Firms have said this type of levy would make it difficult for them to make vast investments in renewable technologies, which will be their bread and butter once the world weans itself off hydrocarbons.
But Luke Hildyard, director at the High Pay Centre, said: ‘People will take a view that if you’re paying your chief executive millions and at least a quarter of staff at least £126,000, then the argument that you couldn’t afford to simultaneously invest and shoulder a windfall tax looks a lot weaker. This is especially so at a time when millions of people are struggling with the cost of living crisis.’
Andy Prendergast, GMB national secretary, said: ‘Whilst vital NHS staff and carers are having to think twice about putting the heating on, these fat cats are taking ever larger pay outs from the companies making money hand over fist at their expense. This represents nothing less than shameful failure of the Government to make a meaningful intervention into the energy market whilst households and business struggle to keep the lights on.’
Speaking in November, Looney said soaring oil and gas prices had turned BP into a ‘cash machine’. The oil price has jumped from lows of $19 a barrel in the depths of the Covid pandemic to over $100. Brent crude was trading at $107 a barrel last night.
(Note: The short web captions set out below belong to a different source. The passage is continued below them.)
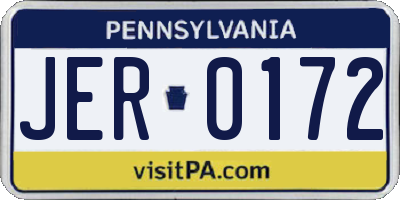 PA license plate JER0172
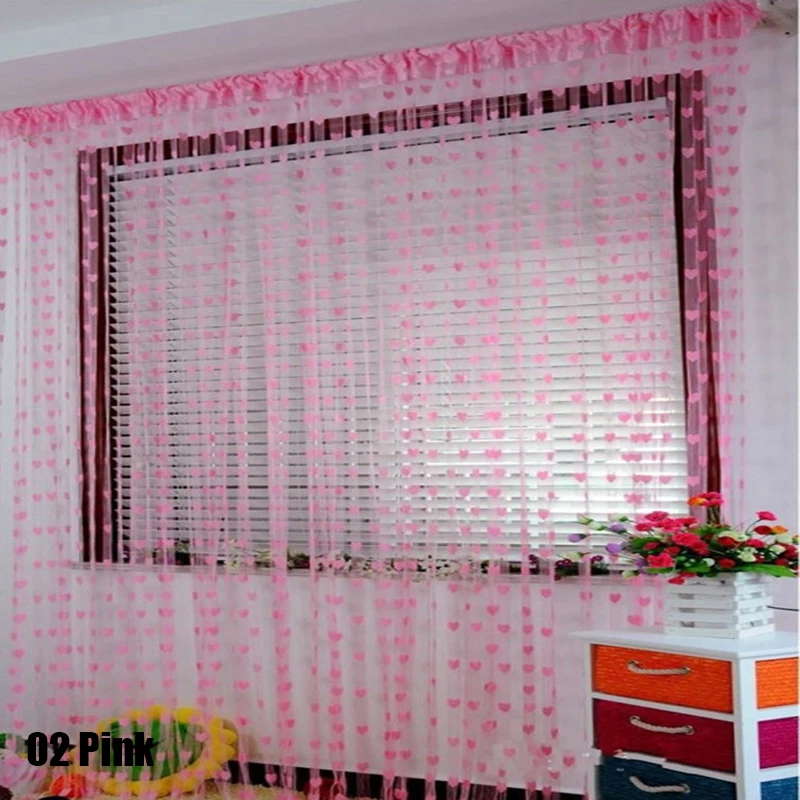 Colorful Romantic Love Pattern Line String Curtain Window Door Sheer Curtain Living Room Home Decoration 100CM * 200CM sheer curtains window curtains decor curtains string curtain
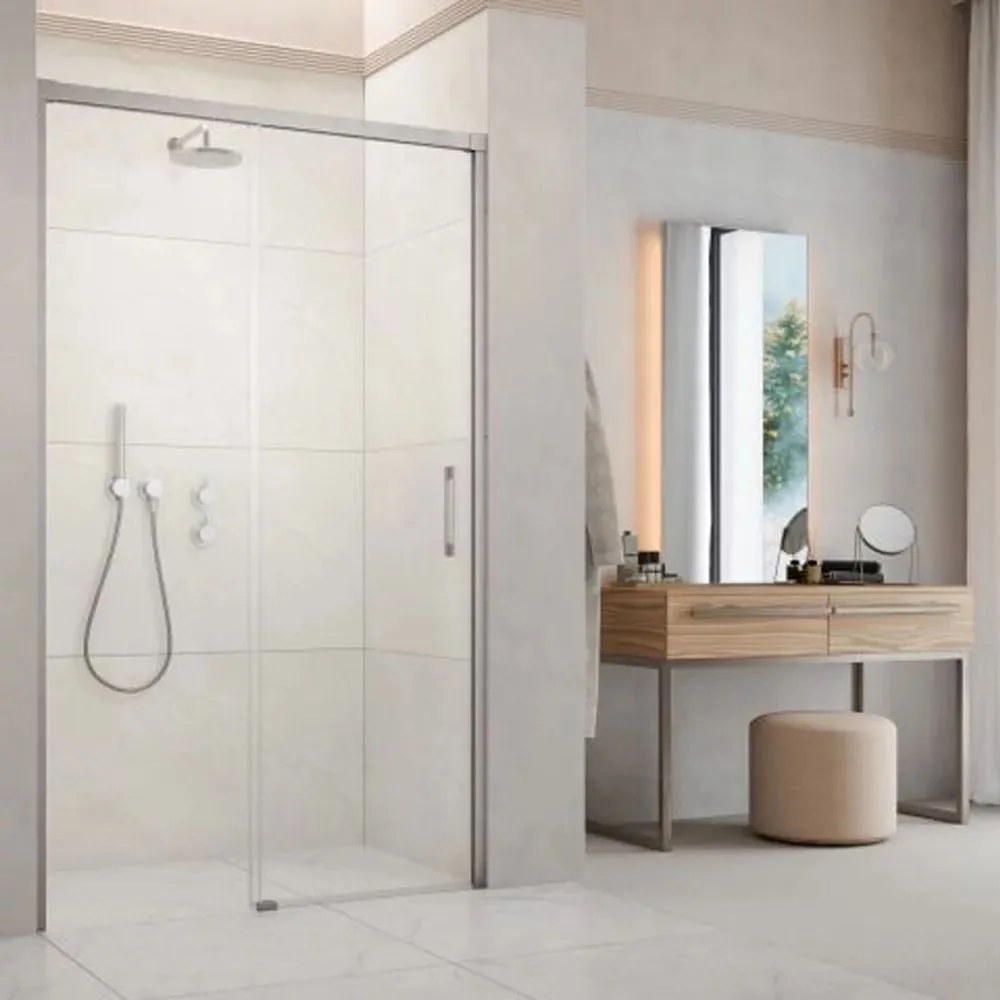 Usa de nisa culisanta Radaway Idea DWJ 100 cm sticla 6 mm finisaj nichel periat-transparent deschidere stanga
Looney did not take a bonus in 2020, when he netted just over £1.7m in total. He has been chief executive for two years and is now navigating the company through the Ukraine crisis.
But the company is in a better position after oil prices spiralled close to record highs over the last few weeks. In BP’s annual report, Paula Rosput Reynolds, head of the pay committee, said: ‘Bernard continues to lead the enterprise with a bold vision and has also demonstrated that his goal of ‘performing while transforming’ is being met.’